Spss_ statistical analysis of normality test

Source: Internet
Author: User

The importance of data distribution patterns

In the process of data analysis, the different distribution patterns of data will directly affect the choice of data analysis strategy. Therefore, it is very important to judge the distribution pattern of the data series. The common distribution pattern of data is normal distribution, random distribution (evenly distributed), Poisson distribution, exponential distribution, etc., but in data analysis, the most important distribution pattern is normal, and many data analysis techniques are fixed-distance variable or high measure variable for normal distribution.


Below we introduce the three kinds of normal test methods commonly used by SPSS.


Data distribution strategy of SPSS judgment

Histogram with normal curves

Using the SPSS menu Analysis Environment: "Analysis"-"descriptive statistics"-"frequency", in the drawing options to select a histogram with a normal curve.


The histogram of the normal curve is plotted by comparing the fitting degree between the histogram and the normal curve to determine whether the distribution of the data sequence is close to the normal distribution. The following two pictures are a class of Chinese and mathematical results, with a normal curve histogram. On the graph, the normal curve closest to the current data sequence is shown. It can be seen from the graph that Chinese scores are close to normal curves, while the distribution of mathematical results is far from normal curve. Based on the fitting degree of histogram and its close normal curve, it can be judged whether the data sequence conforms to normal distribution.



Q-q and P-p graphs

Using SPSS Menu Analysis Environment: "Analysis"-"descriptive Statistics"-"p-p or q-q diagram".

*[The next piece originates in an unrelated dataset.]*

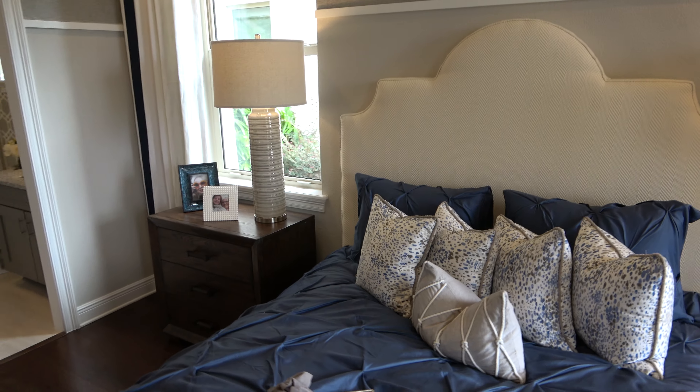Now we are in the section that is the kitchen, the living room, and your dining room.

Using Q-q graph and p-p graph to judge whether the data sequence is near the normal distribution, the P-p diagram and the q-q diagram are the same, the difference is that the units of the transverse ordinate are different, the P is the cumulative ratio, q is the number of points, and the following is illustrated by the example of the p-p chart. From the two picture on the left, the Chinese p-p graph, the scatter point can match with the diagonal line, then the data sequence conforms to the normal distribution, but the mathematical scatter point deviates from the diagonal line, the data sequence does not conform to the normal distribution.


The two graph on the right becomes the inverse trend normal probability graph, taking the cumulative probability as the horizontal axis, with the deviation of the standard normal distribution as the ordinate. Therefore, the standard normal distribution is the middle horizontal line. Although both graphs have many scattered points on both sides of the horizontal line, but the Chinese ordinate units between the -0.06~0.06, and the unit of mathematics between the -0.3~0.3, relative to the cumulative probability of 1, the deviation of the language score is very small, can be considered to be basically in line with the normal distribution.



K-s Normal state test

Using the SPSS menu Analysis Environment: "Analysis"-"descriptive Statistics"-"1 sample K-s".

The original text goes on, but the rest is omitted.